En matière de liquidation judiciaire, l'ordonnance du 12 mars 2014 a apporté plusieurs modifications, dont certaines plus substantielles :

- réduction d'un an à six mois de la durée de la procédure de liquidation judiciaire simplifiée, avec possibilité de prorogation ;

- facilitation de la clôture de la liquidation judiciaire en cas d'actif résiduel non réalisé ou d'instance, notamment prud'homale, encore en cours ;

- report de la dissolution de la société à l'achèvement des opérations de liquidation judiciaire, et non à la date de la liquidation judiciaire 28 ( * ) ;

- renforcement de l'encadrement de la vente des biens du débiteur ainsi que du contrôle du parquet sur cette vente ;

- adaptations et clarifications ponctuelles de la procédure.

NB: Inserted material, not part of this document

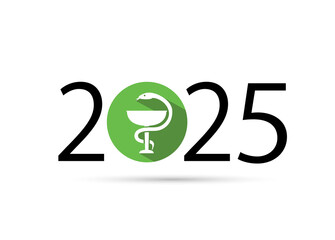 happy new year 2025. 2025 with Pharmacy icon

6. La nouvelle procédure de rétablissement professionnel

L'ordonnance du 12 mars 2014 précitée crée une nouvelle procédure de rétablissement professionnel, distincte de la procédure de liquidation judiciaire et inspirée de la procédure de surendettement, pour permettre le « rebond » d'un entrepreneur individuel, personne physique, en cas de difficulté sans faute particulière de sa part.

Ne constituant pas une liquidation judiciaire, cette procédure répond aux caractéristiques suivantes :

- procédure ouverte aux entrepreneurs individuels sans salarié depuis au moins six mois ni instance prud'homale en cours, présentant un actif de moins de 5 000 euros, pour une durée de quatre mois ;

- demande simultanée d'ouverture d'une liquidation judiciaire et d'un rétablissement professionnel, ce qui suppose la condition préalable de cessation des paiements ;

- à la différence de la liquidation judiciaire, absence de dessaisissement du débiteur, qui peut continuer à gérer une entreprise ;

- absence de représentation propre des créanciers par un mandataire judiciaire ;

- désignation par le tribunal d'un juge commis chargé de superviser la procédure, assisté d'un mandataire ;

- limitation de l'effacement des dettes à certaines créances, désignées par le débiteur.


* 25 Outre la suppression de cas de saisines d'office par le tribunal oubliés par l'ordonnance du 12 mars 2014, l'ordonnance du 26 septembre 2014 tend à faciliter le passage du redressement judiciaire à la liquidation judiciaire, et vice versa, dans le cadre d'un dialogue entre le tribunal et le débiteur, afin de pouvoir adapter la procédure ouverte à sa situation économique réelle.

* 26 À commencer par la décision n° 2012-286 QPC du 7 décembre 2012, concernant la saisine d'office du tribunal aux fins d'ouverture d'une procédure de redressement judiciaire.

* 27 Le débiteur doit établir des comptes consolidés ou dépasser l'un des trois seuils suivants : 20 salariés, 3 millions d'euros de chiffre d'affaires hors taxes ou 1,5 million de total de bilan.

* 28 Modification de l'article 1844-7 du code civil.